I'm trying to get the unix time from a timestamp field in milliseconds (13 digits) but currently it returns in seconds (10 digits).
scala> var df = Seq("2017-01-18 11:00:00.000", "2017-01-18 11:00:00.123", "2017-01-18 11:00:00.882", "2017-01-18 11:00:02.432").toDF()
df: org.apache.spark.sql.DataFrame = [value: string]
scala> df = df.selectExpr("value timeString", "cast(value as timestamp) time")
df: org.apache.spark.sql.DataFrame = [timeString: string, time: timestamp]
scala> df = df.withColumn("unix_time", unix_timestamp(df("time")))
df: org.apache.spark.sql.DataFrame = [timeString: string, time: timestamp ... 1 more field]
scala> df.take(4)
res63: Array[org.apache.spark.sql.Row] = Array(
[2017-01-18 11:00:00.000,2017-01-18 11:00:00.0,1484758800],
[2017-01-18 11:00:00.123,2017-01-18 11:00:00.123,1484758800],
[2017-01-18 11:00:00.882,2017-01-18 11:00:00.882,1484758800],
[2017-01-18 11:00:02.432,2017-01-18 11:00:02.432,1484758802])

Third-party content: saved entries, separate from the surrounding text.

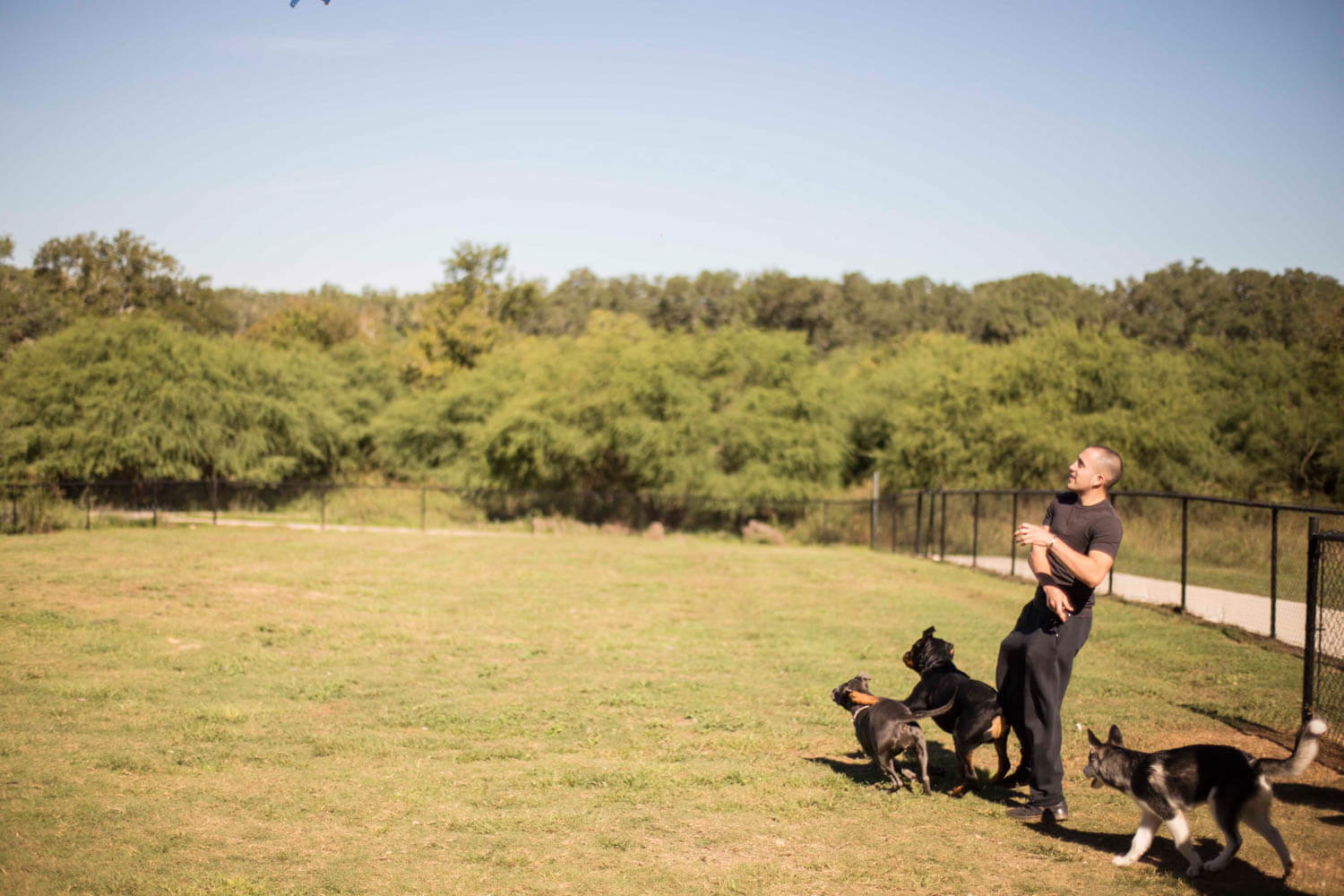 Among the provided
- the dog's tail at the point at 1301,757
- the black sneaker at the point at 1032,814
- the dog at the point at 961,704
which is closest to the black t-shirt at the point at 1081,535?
the dog at the point at 961,704

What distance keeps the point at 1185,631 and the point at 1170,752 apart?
873 centimetres

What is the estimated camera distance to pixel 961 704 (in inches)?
235

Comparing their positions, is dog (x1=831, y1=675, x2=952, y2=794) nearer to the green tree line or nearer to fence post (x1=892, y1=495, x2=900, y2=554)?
fence post (x1=892, y1=495, x2=900, y2=554)

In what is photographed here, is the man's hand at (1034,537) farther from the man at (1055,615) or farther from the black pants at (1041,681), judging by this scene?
the black pants at (1041,681)

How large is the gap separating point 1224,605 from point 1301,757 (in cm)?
1128

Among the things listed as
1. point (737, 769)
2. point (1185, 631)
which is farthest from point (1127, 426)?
point (737, 769)

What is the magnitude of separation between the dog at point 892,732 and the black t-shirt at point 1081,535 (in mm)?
1185

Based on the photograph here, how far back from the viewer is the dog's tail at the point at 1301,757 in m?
4.37

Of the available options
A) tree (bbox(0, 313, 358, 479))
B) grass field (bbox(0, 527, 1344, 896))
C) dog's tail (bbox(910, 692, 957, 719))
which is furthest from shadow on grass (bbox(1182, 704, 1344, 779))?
tree (bbox(0, 313, 358, 479))

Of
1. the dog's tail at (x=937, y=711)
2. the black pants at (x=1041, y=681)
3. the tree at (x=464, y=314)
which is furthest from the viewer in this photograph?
the tree at (x=464, y=314)

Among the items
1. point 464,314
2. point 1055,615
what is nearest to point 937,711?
point 1055,615

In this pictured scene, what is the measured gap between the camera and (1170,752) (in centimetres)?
486

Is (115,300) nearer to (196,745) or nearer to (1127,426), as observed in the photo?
(1127,426)

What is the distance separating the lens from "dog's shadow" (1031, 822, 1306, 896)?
4660 millimetres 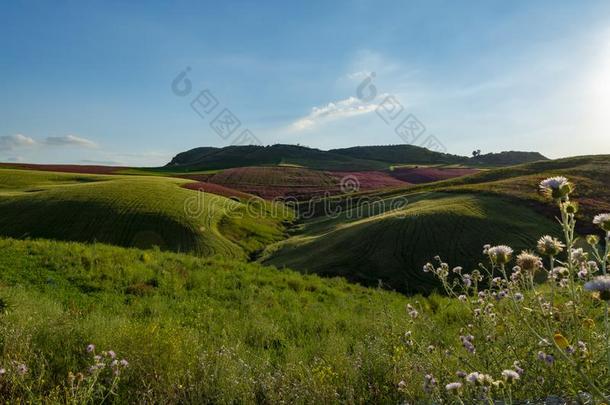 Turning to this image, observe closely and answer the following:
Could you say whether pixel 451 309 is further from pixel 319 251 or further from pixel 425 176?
pixel 425 176

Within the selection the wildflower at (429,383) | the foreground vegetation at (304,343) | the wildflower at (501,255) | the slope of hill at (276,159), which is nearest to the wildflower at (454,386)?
the foreground vegetation at (304,343)

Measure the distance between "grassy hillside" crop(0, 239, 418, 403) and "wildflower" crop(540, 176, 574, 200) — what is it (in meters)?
3.42

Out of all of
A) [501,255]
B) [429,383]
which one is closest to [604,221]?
[501,255]

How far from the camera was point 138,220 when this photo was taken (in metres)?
38.9

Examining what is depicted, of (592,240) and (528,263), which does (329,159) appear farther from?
(528,263)

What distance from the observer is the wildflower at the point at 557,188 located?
3.12 metres

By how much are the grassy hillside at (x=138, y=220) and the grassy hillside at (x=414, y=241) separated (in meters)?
7.17

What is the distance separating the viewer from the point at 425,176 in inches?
4063

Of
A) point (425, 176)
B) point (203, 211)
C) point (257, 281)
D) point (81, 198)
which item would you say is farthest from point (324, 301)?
point (425, 176)

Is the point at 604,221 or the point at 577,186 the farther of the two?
the point at 577,186

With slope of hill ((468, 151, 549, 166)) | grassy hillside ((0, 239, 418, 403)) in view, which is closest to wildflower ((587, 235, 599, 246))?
grassy hillside ((0, 239, 418, 403))

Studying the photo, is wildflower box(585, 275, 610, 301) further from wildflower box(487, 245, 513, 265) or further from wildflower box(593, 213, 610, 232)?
wildflower box(487, 245, 513, 265)

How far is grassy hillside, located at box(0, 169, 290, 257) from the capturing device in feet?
116

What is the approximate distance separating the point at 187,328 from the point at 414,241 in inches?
859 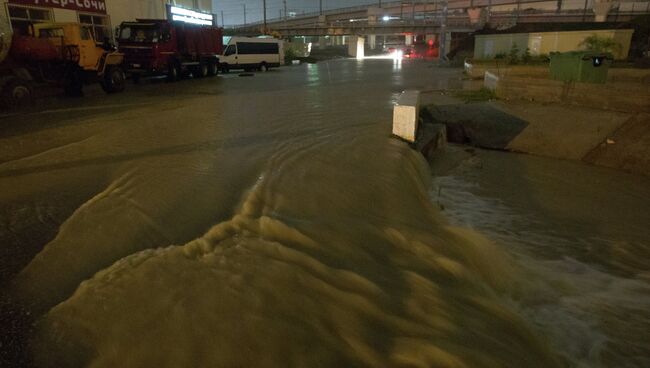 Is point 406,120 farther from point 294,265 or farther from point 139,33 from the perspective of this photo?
point 139,33

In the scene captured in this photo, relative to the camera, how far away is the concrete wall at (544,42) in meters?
23.6

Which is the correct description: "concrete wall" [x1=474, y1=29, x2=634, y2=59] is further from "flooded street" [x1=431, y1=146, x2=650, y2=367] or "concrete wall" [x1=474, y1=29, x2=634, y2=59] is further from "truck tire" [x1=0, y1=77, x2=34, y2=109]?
"truck tire" [x1=0, y1=77, x2=34, y2=109]

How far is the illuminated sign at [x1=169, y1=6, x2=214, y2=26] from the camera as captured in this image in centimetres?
2973

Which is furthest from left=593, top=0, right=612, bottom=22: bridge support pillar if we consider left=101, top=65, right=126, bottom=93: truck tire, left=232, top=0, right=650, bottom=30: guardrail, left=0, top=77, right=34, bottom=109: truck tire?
left=0, top=77, right=34, bottom=109: truck tire

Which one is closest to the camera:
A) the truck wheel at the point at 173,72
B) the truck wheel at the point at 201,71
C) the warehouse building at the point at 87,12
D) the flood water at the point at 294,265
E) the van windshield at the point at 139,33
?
the flood water at the point at 294,265

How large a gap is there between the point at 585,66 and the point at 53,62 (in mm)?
16170

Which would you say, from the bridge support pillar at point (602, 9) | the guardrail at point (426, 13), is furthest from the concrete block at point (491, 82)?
the guardrail at point (426, 13)

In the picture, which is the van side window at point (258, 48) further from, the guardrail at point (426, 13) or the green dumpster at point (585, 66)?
the guardrail at point (426, 13)

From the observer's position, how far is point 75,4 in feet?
66.4

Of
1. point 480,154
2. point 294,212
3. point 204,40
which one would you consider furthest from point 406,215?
point 204,40

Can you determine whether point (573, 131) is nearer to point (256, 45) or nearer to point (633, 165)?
point (633, 165)

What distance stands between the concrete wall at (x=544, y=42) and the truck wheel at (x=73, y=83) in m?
25.5

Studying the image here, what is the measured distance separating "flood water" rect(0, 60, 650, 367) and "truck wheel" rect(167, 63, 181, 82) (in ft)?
47.5

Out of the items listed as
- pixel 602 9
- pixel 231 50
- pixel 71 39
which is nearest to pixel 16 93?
pixel 71 39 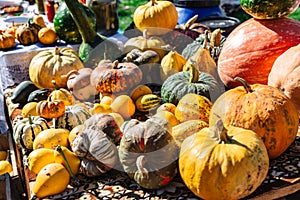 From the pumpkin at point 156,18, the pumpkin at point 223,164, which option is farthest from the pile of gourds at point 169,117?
the pumpkin at point 156,18

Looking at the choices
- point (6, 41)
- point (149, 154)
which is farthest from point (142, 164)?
point (6, 41)

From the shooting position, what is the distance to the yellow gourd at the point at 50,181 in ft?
4.67

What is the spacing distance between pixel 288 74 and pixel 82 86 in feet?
3.30

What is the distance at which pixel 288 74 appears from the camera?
5.60ft

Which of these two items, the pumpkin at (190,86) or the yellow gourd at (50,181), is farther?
the pumpkin at (190,86)

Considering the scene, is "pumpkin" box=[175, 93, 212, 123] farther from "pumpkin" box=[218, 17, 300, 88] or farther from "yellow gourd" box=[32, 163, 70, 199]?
"yellow gourd" box=[32, 163, 70, 199]

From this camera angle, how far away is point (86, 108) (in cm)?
184

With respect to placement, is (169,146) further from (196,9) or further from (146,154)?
(196,9)

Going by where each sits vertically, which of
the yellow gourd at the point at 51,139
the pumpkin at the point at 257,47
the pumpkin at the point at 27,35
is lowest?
the yellow gourd at the point at 51,139

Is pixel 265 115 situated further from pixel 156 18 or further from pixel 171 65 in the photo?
pixel 156 18

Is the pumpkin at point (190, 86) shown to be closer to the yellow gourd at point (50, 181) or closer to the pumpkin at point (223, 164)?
the pumpkin at point (223, 164)

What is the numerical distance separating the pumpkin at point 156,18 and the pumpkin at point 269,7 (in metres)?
0.81

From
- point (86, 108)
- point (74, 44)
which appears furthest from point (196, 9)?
point (86, 108)

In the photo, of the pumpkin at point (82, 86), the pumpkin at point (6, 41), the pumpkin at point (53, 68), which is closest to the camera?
the pumpkin at point (82, 86) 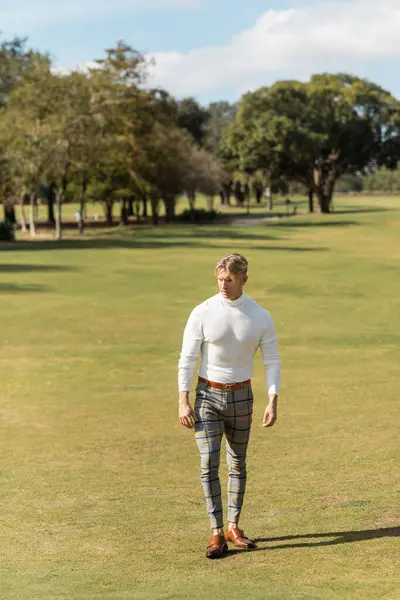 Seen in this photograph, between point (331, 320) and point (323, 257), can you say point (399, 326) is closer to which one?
point (331, 320)

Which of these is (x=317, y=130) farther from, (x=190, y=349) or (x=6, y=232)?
(x=190, y=349)

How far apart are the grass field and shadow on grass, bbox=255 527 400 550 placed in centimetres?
2

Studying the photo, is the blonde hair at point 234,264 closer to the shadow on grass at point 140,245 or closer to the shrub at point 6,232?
the shadow on grass at point 140,245

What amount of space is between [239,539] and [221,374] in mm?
1217

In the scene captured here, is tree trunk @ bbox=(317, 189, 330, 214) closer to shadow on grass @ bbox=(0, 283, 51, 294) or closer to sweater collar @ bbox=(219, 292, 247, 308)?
shadow on grass @ bbox=(0, 283, 51, 294)

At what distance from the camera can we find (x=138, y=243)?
58.5 m

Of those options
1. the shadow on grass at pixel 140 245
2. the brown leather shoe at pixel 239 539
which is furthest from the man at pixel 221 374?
the shadow on grass at pixel 140 245

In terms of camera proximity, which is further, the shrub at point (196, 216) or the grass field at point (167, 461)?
the shrub at point (196, 216)

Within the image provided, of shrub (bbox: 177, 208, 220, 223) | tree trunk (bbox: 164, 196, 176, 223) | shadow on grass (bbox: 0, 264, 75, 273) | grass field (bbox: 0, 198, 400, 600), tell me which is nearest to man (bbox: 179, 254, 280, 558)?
grass field (bbox: 0, 198, 400, 600)

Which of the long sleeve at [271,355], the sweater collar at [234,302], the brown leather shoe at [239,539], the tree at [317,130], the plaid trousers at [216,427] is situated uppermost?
the tree at [317,130]

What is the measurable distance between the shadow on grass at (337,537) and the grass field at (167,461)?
0.9 inches

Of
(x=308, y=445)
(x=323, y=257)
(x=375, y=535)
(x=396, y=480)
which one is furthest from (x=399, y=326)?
(x=323, y=257)

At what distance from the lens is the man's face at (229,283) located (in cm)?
702

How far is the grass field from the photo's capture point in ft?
22.8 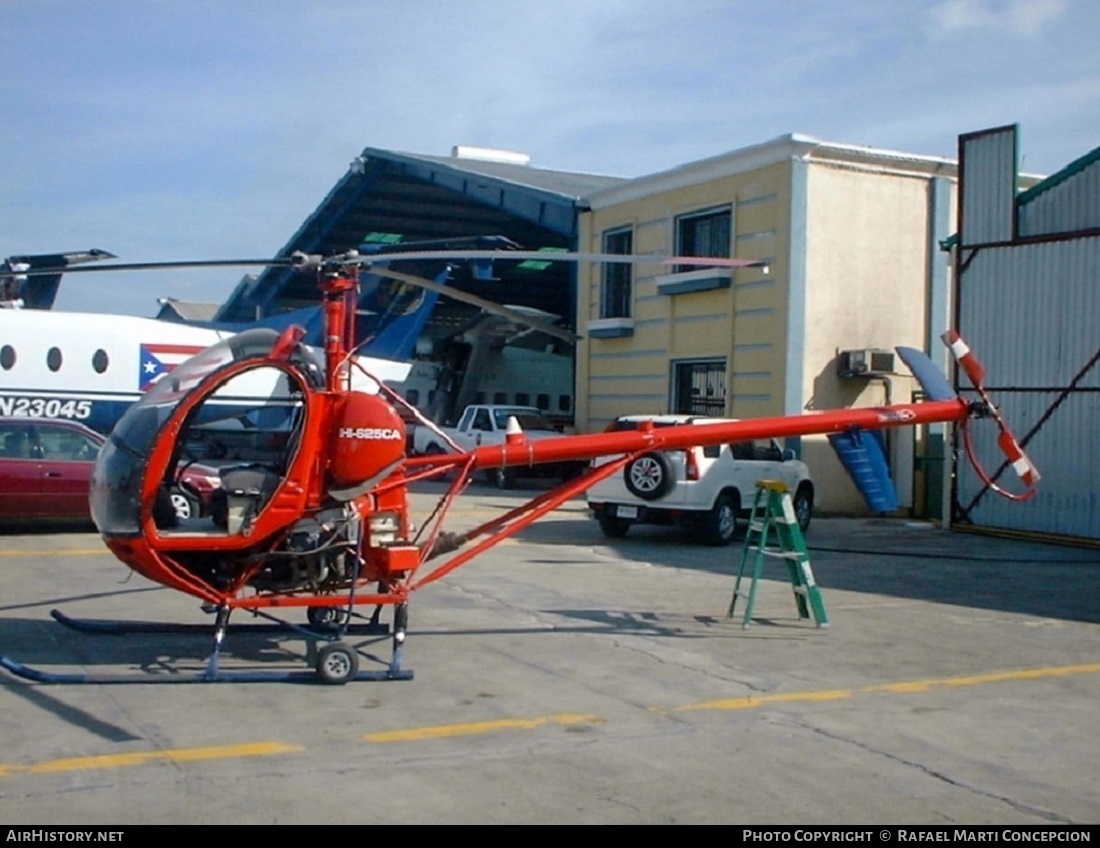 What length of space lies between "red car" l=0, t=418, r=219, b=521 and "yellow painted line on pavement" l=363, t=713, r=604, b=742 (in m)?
10.0

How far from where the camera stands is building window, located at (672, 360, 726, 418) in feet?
82.0

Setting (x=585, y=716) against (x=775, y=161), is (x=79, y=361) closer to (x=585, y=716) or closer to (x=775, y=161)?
(x=775, y=161)

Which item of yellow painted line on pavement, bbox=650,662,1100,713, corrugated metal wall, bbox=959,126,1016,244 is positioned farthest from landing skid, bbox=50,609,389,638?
corrugated metal wall, bbox=959,126,1016,244

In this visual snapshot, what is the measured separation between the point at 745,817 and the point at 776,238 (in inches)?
719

Even though 2017-01-18 11:00:00.123
and 2017-01-18 11:00:00.000
are different, I get the same unix time back 1484758800
What am I missing?
unix_timestamp()
return unix timestamp in seconds.
The last 3 digits in the timestamps are the same with the last 3 digits of the milliseconds string (1.999sec = 1999 milliseconds
), so just take the last 3 digits of the timestamps string and append to the end of the milliseconds string.